第3話 誰も知らない物語

 よりにもよってやらかした馬鹿が出てしまった。

 完全なまでの善意による安請け合いしやがったよ畜生。

 いや、まだ希望は潰えていない。平和な国に生きた我々に戦争に近しい行いをしろとは言わないであろう。

 ……気になるし聞いたほうが良いな。


「おい雄二」


「何だよメグ」


「さっきまで話し聞いてなかったんだが…どうなってる」


「えぇ…お前まじで言ってんのか?」


「マジマジ、けっこー大マジだよ。」


 かなり神妙な顔をしていることから結構不味いことに巻き込まれた気しかしないがどうなった。


「……とりあえず、悪魔族とか言う日本で言う地獄辺りにいる種族が、国どころか星滅ぼそうとしてるから何とかしてくれって感じだな。」


「Oh...」

「嘘だと言ってくれたまえよ親友。」


「残念ながら回避不能イベントらしいが?」


「くそったれめ、俺が生まれてこれほどまでに神を恨んだこと無いんだが。」


 はい、OUT。よりにもよっての中で前に出た馬鹿が1番最悪な選択肢選びやがった。

 確実に、100%と言うまでに善意に振られる王ならば良いが、そんなものいるはずがないのが問題だ。と、言うよりも別世界の人間誘拐して戦わせようとする輩に対し、マトモな精神性を求めるのがおかしいのだろうか。

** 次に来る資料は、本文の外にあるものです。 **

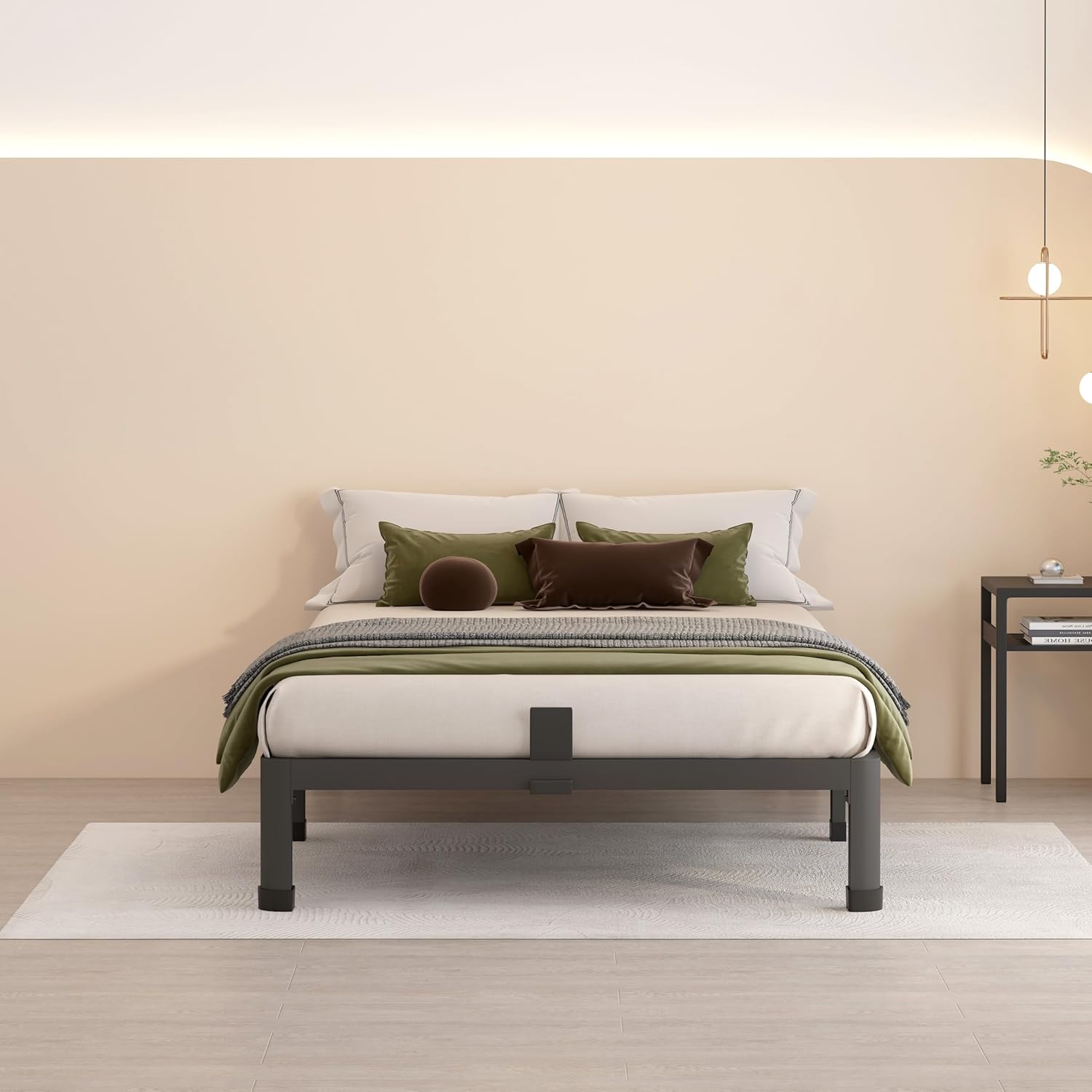 Thumbnail 5 de MAF 10 Inch Twin Size Metal Platform Bed Frame with Round Corner Legs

 想定がまずい場合は、最良で皆が死な無い事、最悪で首輪着けられ囲われる事になる。そもそも、このパターンだとすると、全員前線があり得てしまうのも問題であり、ステータスを理解出来たのはゲーム的世界だと言えるだろうし恩恵もそれなりにはつくはずだ。

 しかし、それでもそれなりのサイズの生物を殺したり、殺されそうになった事が無い人間に対し「戦え」はいくら何でも無謀すぎる。


 ………覚悟を決めろ、あの戦士達のように。

 誰も失う覚悟が出来てない未熟な半端者の俺では何も成すことができない。故に、強くあれ強くなれ。





ん?何だ雄二。

は?職業鑑定…?




……………………未職ってなんやねん。